The case of Australia’s missing family-size apartments


Feb 24, 2025, updated Feb 24, 2025
Apartments are in demand, but builders don't always supply what buyers want.
Apartments are in demand, but builders don't always supply what buyers want.

Australia’s unique housing landscape has solidified us as a culture that views houses as the gold standard of family living.

However, with a chronic undersupply of homes, record-high construction costs, reluctant-to-downsize older Australians, and a cost-of-living crisis, apartments are in hot demand.

However, there has been an ongoing lack of supply of larger apartments.

“Nationally, there are significantly fewer three- or four-bedroom units compared to the housing sector,” CoreLogic economist Kaytlin Ezzy said.

“Three or more bedroom houses make up about 90 per cent of the market for house listings, whereas for units, it’s only about 29 per cent.”

Census data from 2021 paints a similar picture. Three or more bedroom houses accounted for 90.2 per cent of dwellings nationwide, compared to just 16.6 per cent for apartments with the same number of bedrooms.

Developers continue to face their own pressures. So, despite the National Housing Accord’s target of building 1.2 million new homes, the solution hasn’t been as simple as quickly building lots of new three- and four-bed apartments.

There is also a cultural shift around housing, as Australians grapple with a record population boom during a period of historic housing shortages and unaffordability.

Shifting cultural perspective

The Aussie dream of a quarter-acre block is entrenched in our cultural psyche.

“We’ve got a cultural view that the only way to raise a family in Australia is to do it in a three-bedroom house in suburbia,” RMIT University urban planning expert Liam Davies said.
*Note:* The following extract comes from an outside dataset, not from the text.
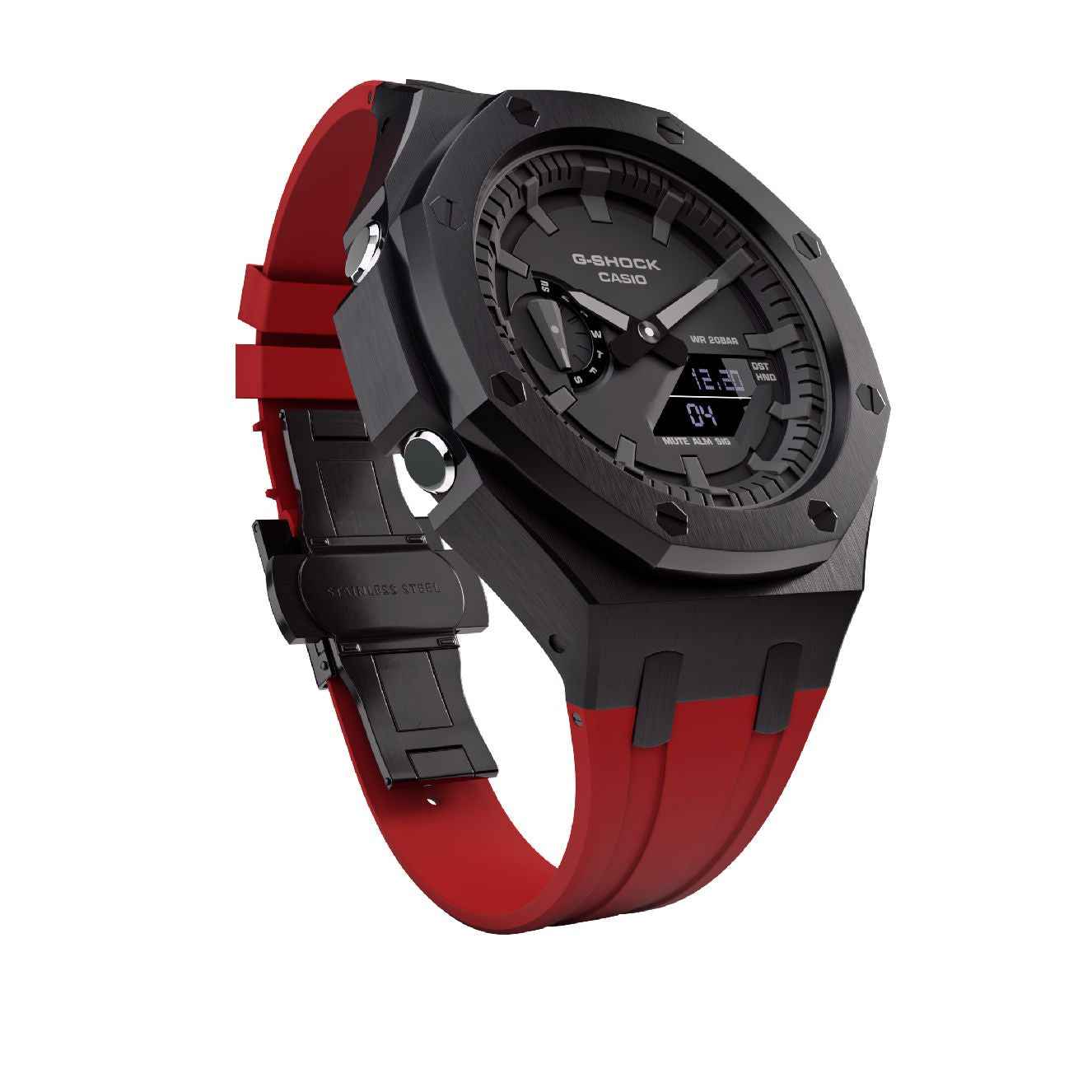 Casioak Mod Royal Oak Watch Casio G-Shock GA-2100 Black Case Red Strap GA2100 cool view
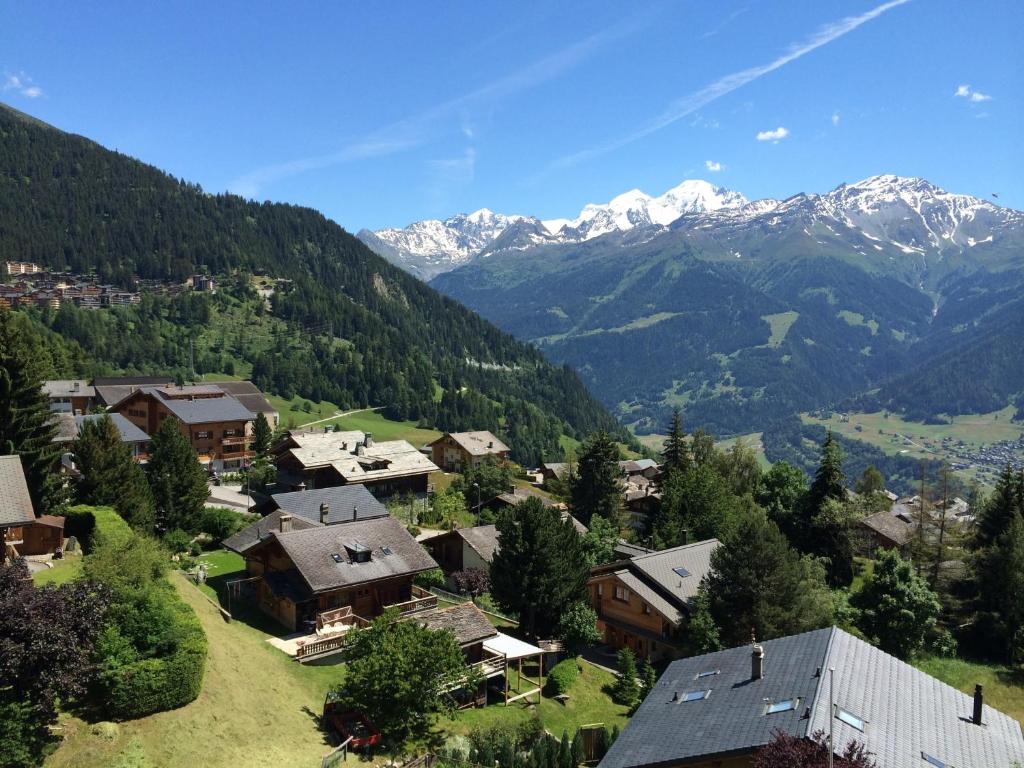 a village in the mountains with snow covered mountains at Hotel Montpelier in Verbier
“In a lot of cases, developers have been building more bedrooms in separated houses and townhomes, as opposed to apartments, and this is a development pattern that has been going on since the ’60s or ’70s.”

According to the Australia Institute, house prices have risen out of step with income – 25 years ago average houses cost nine years of the average household income, now they cost 16½ years.

This chronic affordability crisis renders people wanting to buy in areas they love, with amenities and good transport links, looking to apartments as their alternative.

In other words, price-point pressures are forcing Aussies to prioritise lifestyle above space.

We’re waking up from the dream.

The Apartments and Developments (part of View Media Group) 2024 Buyer Inquiry Report found that the off-the-plan residential market has shifted significantly.

“It is evident buyers are focusing less on the Australian dream of owning a quarter-acre block and instead are looking to smaller, well-located off-the-plan developments with long-term growth potential,” View Media Group data analyst Renee Ch’ng wrote.

apartments

Australians are realising they don’t necessarily need a house in the ‘burbs. Photo: Getty

A market mismatch

A market plagued by high construction and building costs, shortages of skilled tradies, slow approvals and government red tape means developers face significant pressures.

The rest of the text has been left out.